Gabriele Münter – eine bedeutende Protagonistin der deutschen Avantgarde

Wenn das Leopold Museum in Wien als erste Institution in Österreich das Werk von Gabriele Münter (1877–1962) in einer umfassenden Retrospektive für höchst inspirierende Entdeckungen zugänglich macht, kann man sich auch darauf verlassen, dass ein wesentlicher Katalog zur Ausstellung erscheint, der nicht nur sämtliche gezeigte Fotografien, Bilder sowie Texte beinhaltet und die expressionistische Malerin auf ihren Lebensstationen begleitet, die oft mit Stilwechsel oder lebhaftem Interesse an unerprobten Techniken und Sujets zusammenfielen, sondern zudem mit spannenden Essays und Erläuterungen von höchst kompetenten Autor:innen die nachhaltige Beschäftigung mit dieser bedeutenden Künstlerin vertiefen lässt.

Wer die Ausstellung besucht (siehe auch Artikel kultur online) will nämlich noch mehr über diese interessante Frau erfahren und die Bilder, von denen man sich kaum losreißen wollte, daheim in Ruhe weiter betrachten.
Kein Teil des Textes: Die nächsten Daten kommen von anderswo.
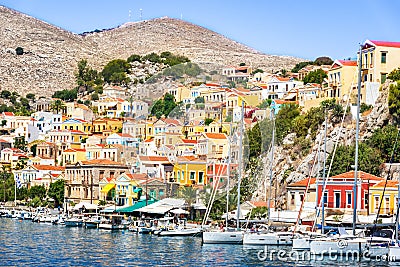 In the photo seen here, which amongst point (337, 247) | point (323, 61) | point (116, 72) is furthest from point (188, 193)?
point (116, 72)

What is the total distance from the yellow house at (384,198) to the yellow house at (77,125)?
70471 millimetres

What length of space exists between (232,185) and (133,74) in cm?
12130

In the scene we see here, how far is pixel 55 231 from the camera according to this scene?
204 ft

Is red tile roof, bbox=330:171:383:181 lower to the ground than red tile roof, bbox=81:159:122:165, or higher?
higher

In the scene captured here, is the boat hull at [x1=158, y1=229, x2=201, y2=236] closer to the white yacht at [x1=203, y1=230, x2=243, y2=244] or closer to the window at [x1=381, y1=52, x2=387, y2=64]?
the white yacht at [x1=203, y1=230, x2=243, y2=244]

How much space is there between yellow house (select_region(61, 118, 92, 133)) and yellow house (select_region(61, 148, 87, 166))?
14646mm

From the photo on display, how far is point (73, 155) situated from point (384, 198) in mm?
56427

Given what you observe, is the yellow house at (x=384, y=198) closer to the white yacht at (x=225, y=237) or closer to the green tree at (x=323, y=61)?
the white yacht at (x=225, y=237)

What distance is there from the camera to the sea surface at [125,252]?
4122 centimetres

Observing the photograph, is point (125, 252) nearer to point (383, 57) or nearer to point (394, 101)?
point (394, 101)

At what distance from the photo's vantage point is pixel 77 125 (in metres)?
121

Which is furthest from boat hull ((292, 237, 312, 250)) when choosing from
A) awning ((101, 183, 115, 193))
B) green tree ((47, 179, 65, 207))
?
green tree ((47, 179, 65, 207))

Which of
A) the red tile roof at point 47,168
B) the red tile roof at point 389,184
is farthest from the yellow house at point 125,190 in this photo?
the red tile roof at point 389,184

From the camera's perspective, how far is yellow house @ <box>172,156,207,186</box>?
4972 cm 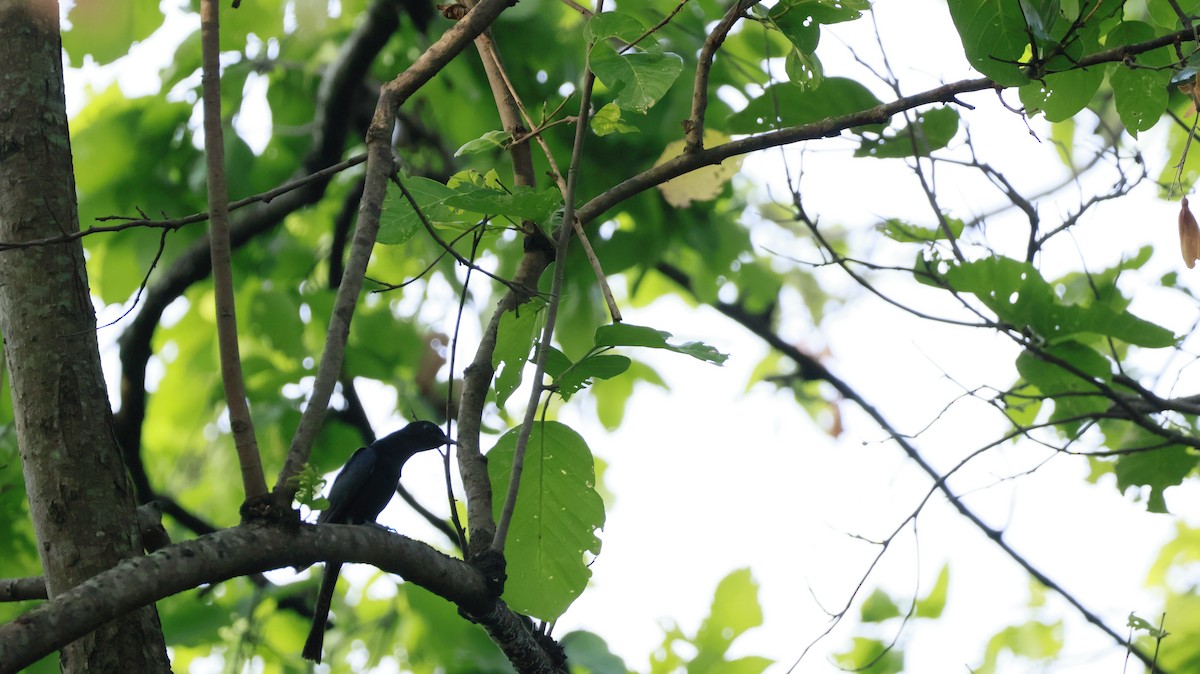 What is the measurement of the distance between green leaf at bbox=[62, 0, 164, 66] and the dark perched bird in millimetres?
1953

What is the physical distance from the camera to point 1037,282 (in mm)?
3318

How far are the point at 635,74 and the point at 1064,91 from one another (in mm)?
1097

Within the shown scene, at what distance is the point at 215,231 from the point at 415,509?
13.7ft

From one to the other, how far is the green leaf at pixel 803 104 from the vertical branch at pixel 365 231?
1.46 m

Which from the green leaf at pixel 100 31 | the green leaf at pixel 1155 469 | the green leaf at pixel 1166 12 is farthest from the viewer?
the green leaf at pixel 100 31

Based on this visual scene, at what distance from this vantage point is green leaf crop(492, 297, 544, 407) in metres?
2.58

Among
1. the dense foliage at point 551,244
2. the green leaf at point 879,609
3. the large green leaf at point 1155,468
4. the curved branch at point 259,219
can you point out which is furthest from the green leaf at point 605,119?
the green leaf at point 879,609

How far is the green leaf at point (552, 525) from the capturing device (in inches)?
101

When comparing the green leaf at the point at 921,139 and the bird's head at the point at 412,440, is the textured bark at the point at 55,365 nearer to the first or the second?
the bird's head at the point at 412,440

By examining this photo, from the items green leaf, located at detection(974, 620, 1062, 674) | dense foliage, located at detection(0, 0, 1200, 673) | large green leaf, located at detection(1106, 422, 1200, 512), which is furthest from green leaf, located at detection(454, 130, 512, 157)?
green leaf, located at detection(974, 620, 1062, 674)

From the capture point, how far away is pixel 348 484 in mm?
3832

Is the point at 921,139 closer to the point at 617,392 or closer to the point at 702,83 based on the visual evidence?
the point at 702,83

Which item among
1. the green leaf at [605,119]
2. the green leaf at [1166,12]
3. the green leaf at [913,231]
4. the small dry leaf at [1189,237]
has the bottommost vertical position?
the small dry leaf at [1189,237]

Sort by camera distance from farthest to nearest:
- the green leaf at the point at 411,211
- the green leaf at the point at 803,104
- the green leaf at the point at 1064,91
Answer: the green leaf at the point at 803,104, the green leaf at the point at 1064,91, the green leaf at the point at 411,211
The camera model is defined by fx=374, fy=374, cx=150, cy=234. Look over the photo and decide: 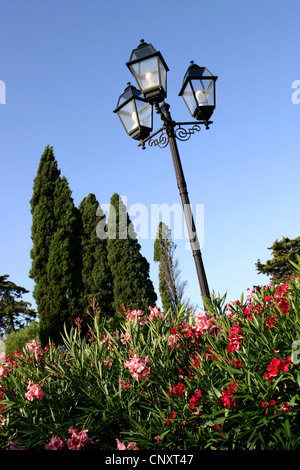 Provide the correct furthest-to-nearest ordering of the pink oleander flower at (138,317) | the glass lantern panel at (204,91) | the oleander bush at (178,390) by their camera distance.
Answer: the glass lantern panel at (204,91), the pink oleander flower at (138,317), the oleander bush at (178,390)

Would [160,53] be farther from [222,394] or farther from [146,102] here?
[222,394]

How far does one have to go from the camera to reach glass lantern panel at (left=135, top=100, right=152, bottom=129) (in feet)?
17.0

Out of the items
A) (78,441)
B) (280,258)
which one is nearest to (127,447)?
(78,441)

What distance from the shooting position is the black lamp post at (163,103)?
4793mm

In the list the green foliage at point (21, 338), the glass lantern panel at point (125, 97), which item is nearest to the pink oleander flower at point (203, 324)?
the glass lantern panel at point (125, 97)

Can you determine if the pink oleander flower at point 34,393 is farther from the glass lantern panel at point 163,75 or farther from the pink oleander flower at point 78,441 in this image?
the glass lantern panel at point 163,75

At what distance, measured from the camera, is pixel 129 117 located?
17.4ft

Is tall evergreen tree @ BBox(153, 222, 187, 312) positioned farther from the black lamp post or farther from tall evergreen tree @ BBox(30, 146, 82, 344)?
the black lamp post

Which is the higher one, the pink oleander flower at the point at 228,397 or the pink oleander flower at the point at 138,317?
the pink oleander flower at the point at 138,317

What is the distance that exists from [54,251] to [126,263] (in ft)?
25.6

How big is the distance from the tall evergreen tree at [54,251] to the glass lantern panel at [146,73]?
11585mm

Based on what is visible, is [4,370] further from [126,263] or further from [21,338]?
[126,263]

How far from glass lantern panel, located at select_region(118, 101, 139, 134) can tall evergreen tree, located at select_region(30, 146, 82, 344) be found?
10.9 m

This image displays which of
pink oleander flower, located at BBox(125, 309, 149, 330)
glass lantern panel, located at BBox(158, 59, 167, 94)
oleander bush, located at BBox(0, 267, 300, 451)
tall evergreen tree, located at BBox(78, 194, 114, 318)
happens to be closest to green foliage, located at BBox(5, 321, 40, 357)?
tall evergreen tree, located at BBox(78, 194, 114, 318)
Gabriele Münters Bekanntheit war vor allem an den Namen von Wassily Kandinsky gekoppelt, mit dem sie eine intensive Lebens- und Arbeitsgemeinschaft verband. Kandinsky war verheiratet, es gab trotzdem eine heimliche Verlobung, und um die Beziehung leben zu können, war das Paar jahrelang auf Reisen: Niederlanden, Tunesien, Dresden, Rapallo, Paris. Münter war eine treffliche Fotografin, und so wird dieser Teil ihres Schaffens in einem eigenen Kapitel behandelt. Auch das Konvolut von 400 USA-Fotos, die bei der Reise als Einundzwanzigjährige mit ihrer Schwester von New York, über Missouri, Arkansas nach Texas entstanden sind. Zu dieser Zeit gewiss sehr außergewöhnlich von den zwei mutigen und weltoffenen jungen Damen!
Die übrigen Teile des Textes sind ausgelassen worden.